Quote:
Originally Posted by Starson17
Post your code. It should have worked.
|
Here are my tags. I'm working on the img and the fn.
Code:
keep_only_tags = [
dict(name='h1'),
dict(name='span', attrs={'class':'updated'}),
dict(name='span', attrs={'class':'fn'}),
dict(name='img', attrs={'id':'img-holder'}),
dict(name='span', attrs={'id':'gallery-cutline'}),
dict(name='div', attrs={'id':'blox-story-text'})
]
These tags are in order, so the previous sibling thing gets a little more confusing. I was trying to insert the fn, then the image.

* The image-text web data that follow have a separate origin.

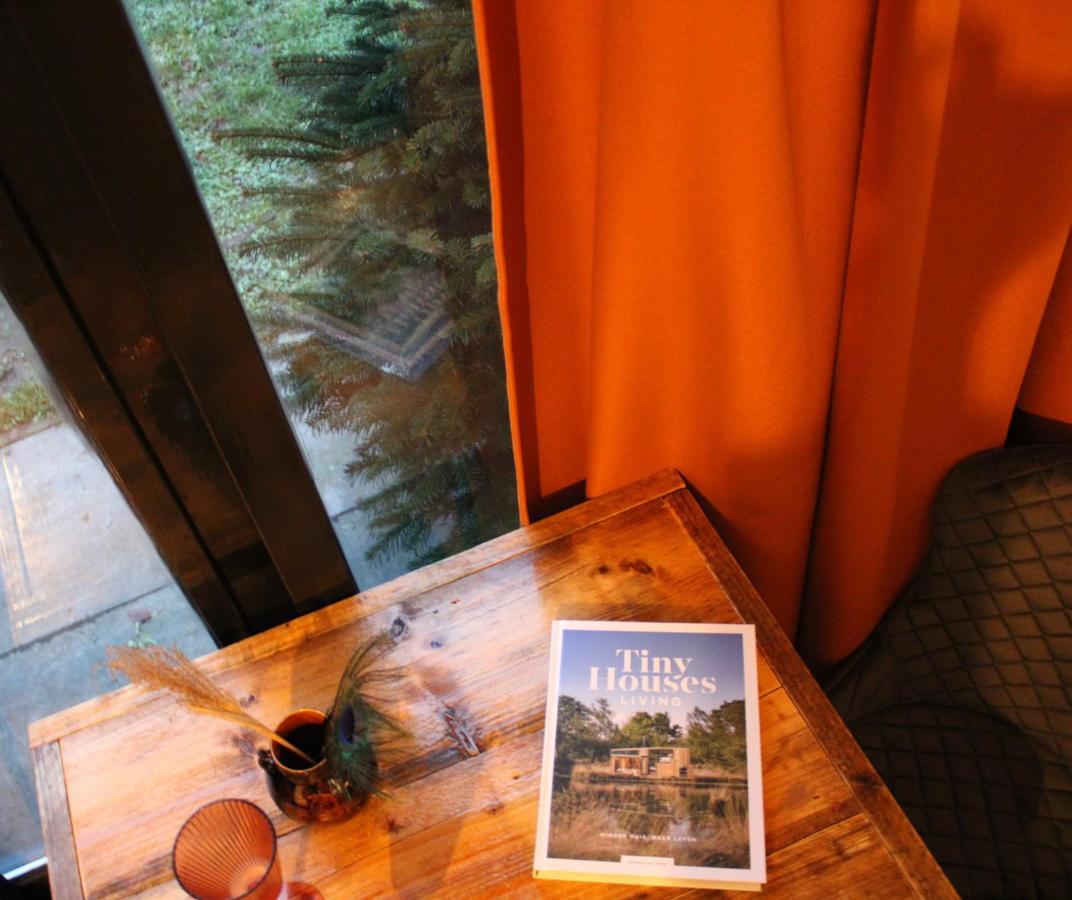Bed and Breakfast Tiny House In De Boomgaard Stad aan 't Haringvliet Esterno foto
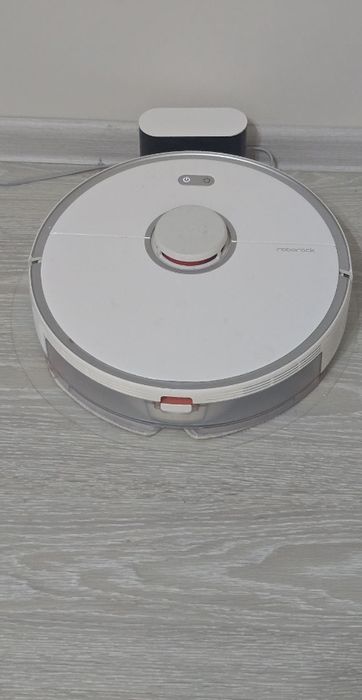 Продам робот пылесос ROBOROCK S5 MAX
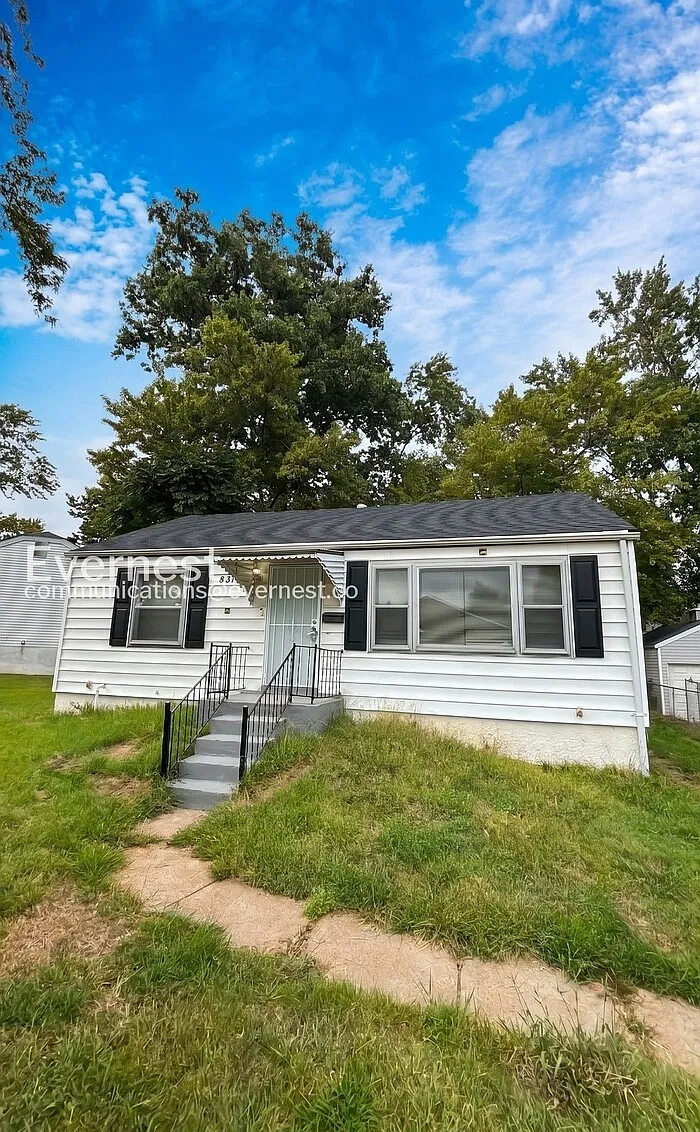 3 bed, 2.0 bath, 1692 sqft, $1,250 — Photo 1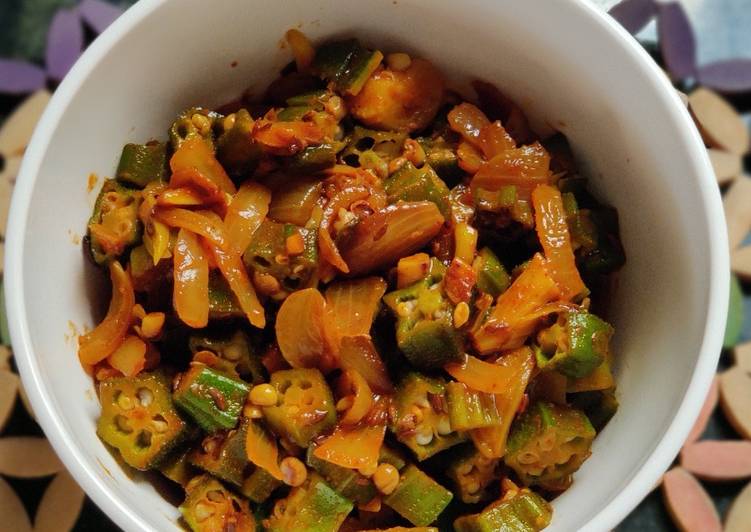 Recipe of Super Quick Homemade Bhindi pyaz fry recipe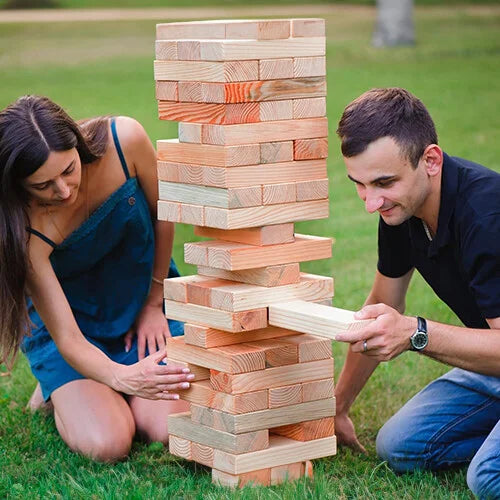 مكعبات تكديس الحجم العملاق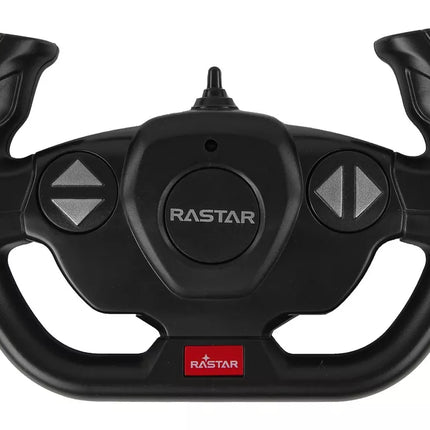 Radijo bangomis valdomas baltas automobilis Porsche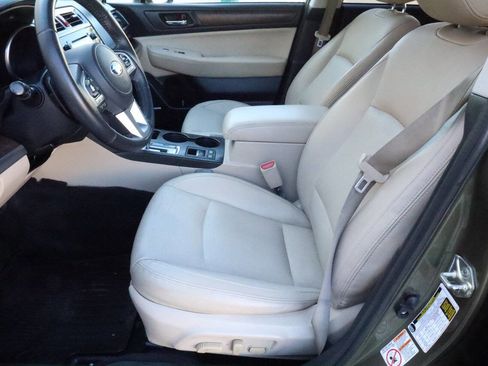 Used 2015 Subaru Outback 2.5i Limited image 3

The fn tag works, but the image gets lost.
Code:
def preprocess_html(self,soup):
# print 'the soup is: ', soup
for fn_tag in soup.findAll("span", {"class" : "fn"}):
previousSibling_tag = fn_tag.previousSibling
if previousSibling_tag.name == 'span':
new_tag = Tag(soup,'p')
new_tag.insert(0,fn_tag)
previousSibling_tag.insert(1,new_tag)
for img_tag in soup.findAll('img'):
previousSibling_tag = img_tag.previousSibling
if previousSibling_tag.name == 'span':
new_tag = Tag(soup,'p')
new_tag.insert(0,img_tag)
previousSibling_tag.insert(2,new_tag)
return soup